Application for dismissal or stay and the Court’s inherent jurisdiction

  1. The plaintiff submits that the application to dismiss or stay this proceeding is misconceived as there is no doubt that this Court has jurisdiction to hear and determine the dispute and there is no evidence of an ulterior purpose in the plaintiff commencing the action.[26]

    [26]T 31, LL 18-27.

  1. Counsel for plaintiff notes that if this application were granted, it would result in further cost and delay to both parties, therefore, it would be preferable to transfer the proceeding to NSW rather than dismissing it.[27]

    [27]T 32, LL 8-11.

Law

  1. Section 5(2)(b)(iii) of the Cross-Vesting Act states:

(2) Where—

(a) a proceeding (in this subsection referred to as the relevant proceeding ) is pending in the Supreme Court (in this subsection referred to as the first court);  and

(b) it appears to the first court that—

(iii) it is otherwise in the interests of justice that the relevant proceeding be determined by the Supreme Court of another State or of a Territory—the first court shall transfer the relevant proceeding to that other Supreme Court.

  1. Therefore, the ‘interests of justice’ will determine this application.

  1. The principles relevant to this provision were determined by the High Court of Australia in BHP Billiton Ltd v Schultz.[28]  They were also examined by Robson J in Irwin v Queensland.[29]  Justice Robson determined that the relevant principles included:

    [28](2004) 221 CLR 400.

    [29][2011] VSC 291 [14] (‘Irwin v Queensland’).

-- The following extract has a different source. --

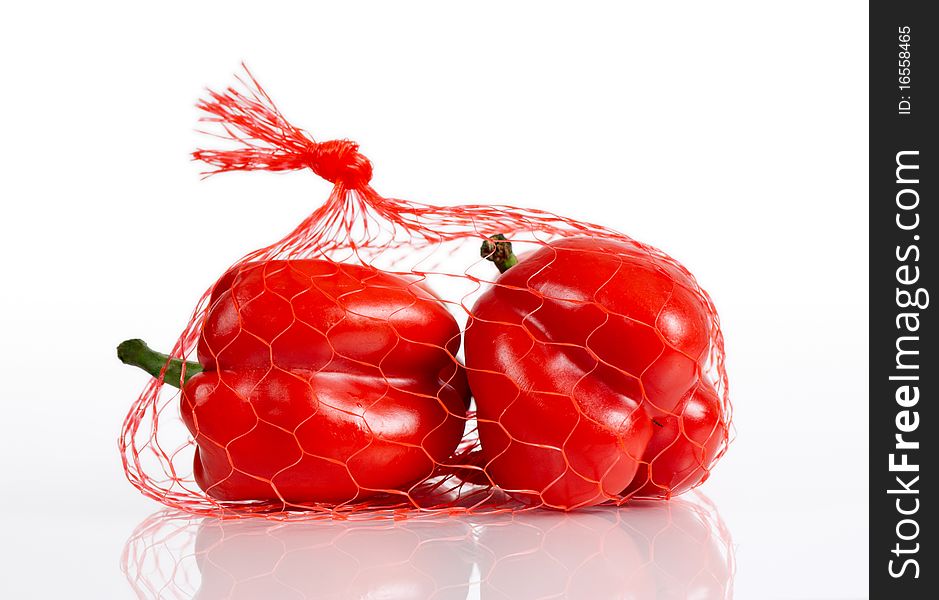 Red paprica in mesh bag on white background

(a)   The Act requires the Court should exercise the power of transfer whenever it appears necessary in the interests of justice that it should be exercised;

(b)   It is not necessary that it should appear that the first court is a ‘clearly inappropriate’ forum.  It is necessary and sufficient that it appears that in the interests of justice, the second court is more appropriate than the first court;

(c)    The appropriate court is the natural forum as determined by the connecting factors to that forum;

(d)  Relevant connecting factors include matters of convenience and expense such as availability of witnesses, the places where the parties respectively reside or carry on business, and the law covering the relevant transaction;

(e)   Other factors which may be relevant include:

(i)     the place where the wrong occurred;

(ii)  residence of the parties;

(iii)             the convenience of the parties and witnesses;

(iv)the law governing the proceedings;

(v)   the experience of a particular court and its ability to provide an efficient and speedy trial; and

(vi)the condition of a party, for example, life expectancy.

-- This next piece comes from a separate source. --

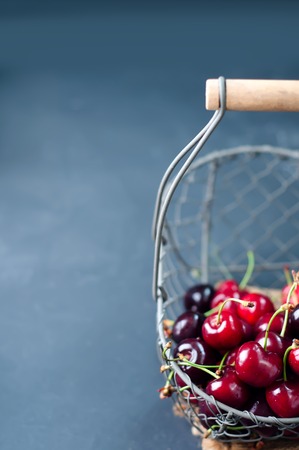 Cherries on wooden table with water dropsの写真素材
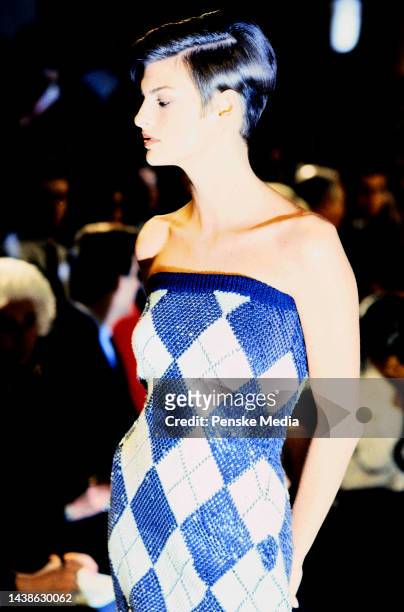 Model Linda Evangelista poses on runway wearing Perry Ellis ensemble designed by Marc Jacobs. This is Marc Jacob's first spring collection for Perry...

(f)     As a general rule, significant weight is to be attached to the place of the tortious wrong and the residence of the parties in a personal injury claim arising out of a claim in tort.[30]

[30]Irwin v Queensland [14].

  1. In Roll Mollison Group Pty Ltd v The Really Useful Company (Australia) Pty Ltd,[31] Warren J (as she then was) stated:

In determining whether to order a transfer under s 5(2) of the [Act] the Court must be satisfied as to which is the ‘more appropriate forum’ for the hearing and determination of the dispute.  The courts have held that the ‘more appropriate forum’ is the forum with the ‘most real and substantial connection’ with the subject matter of the proceeding.  Relevant factors to be taken into account in determining the more appropriate forum have included three factors.  Firstly, the governing law of any agreement in dispute.  Secondly, the connection between the alleged conduct and the jurisdiction.  Thirdly, the cost and inconvenience for the parties as to the forum selected.

[31][2000] VSC 256 [12] (citations omitted).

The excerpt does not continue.